Regardless of which of the two stylus options I used, my cursor was smooth and registered every movement and change in pressure. The three programmable buttons on the device itself didn’t feel cheap or flimsy, and the surface was satisfying to draw on. Better yet, I didn’t experience a single issue with any of the Xencelabs software. It all just worked and worked well. It performed similarly to the Wacom Intuos Pro range if you need a comparison, only with better freebies and fewer built-in options for hotkeys and navigation.
The Xencelabs Pen Tablet is also a solid choice for creative professionals — it doesn’t lose points for not being a Wacom product per se, but some traditionalists have a hard time moving away from the Wacom ecosystem.
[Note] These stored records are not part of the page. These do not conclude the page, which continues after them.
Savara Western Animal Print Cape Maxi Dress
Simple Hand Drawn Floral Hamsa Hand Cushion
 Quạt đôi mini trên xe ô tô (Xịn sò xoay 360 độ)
On the flip side, some artists who are frustrated with the high price of Wacom tablets may be looking for an alternative brand that can match it for quality and performance. Xencelabs can’t match Wacom in years of industry experience, but my own experience testing the Xencelabs Pen Tablet has assured me that the company has a decent shot of encroaching on Wacom’s long-held status as the industry standard for drawing tablets.
The best cheap pen tablet for office and gaming
Size: 12 inches / Drawing area dimensions: 7 x 4.3 inches / Pen pressure levels: 8,192 / Wireless?: No / Weight: 0.6 pounds
The XP-Pen Deco Mini 7 is a great choice for folks who just need something cheap to sign or add written notes to digital documents and projects. It’s easy to slip into a bag and can take a greater beating than a display tablet because it lacks a delicate glass screen.
Its small size means that you can reach every corner of the tablet without wasting precious time moving your hand, and it even comes with eight programmable buttons that you can allocate in-app or in-game shortcuts to. The stylus is also lightweight and battery-free and provides two more programmable buttons.
If you’re a competitive Osu! player, then you may want to stick with Wacom for its reliable software, but for the majority of rhythm gamers, this weeny XP-Pen Deco Mini 7 will be the ideal choice. This wouldn’t be a great option for illustration, as the size is fairly restrictive, but there are plenty of offerings included on this list that are better suited for such a task. This should be your choice if you’re simply looking to replicate the accuracy of pen / paper on a computer for noncreative projects.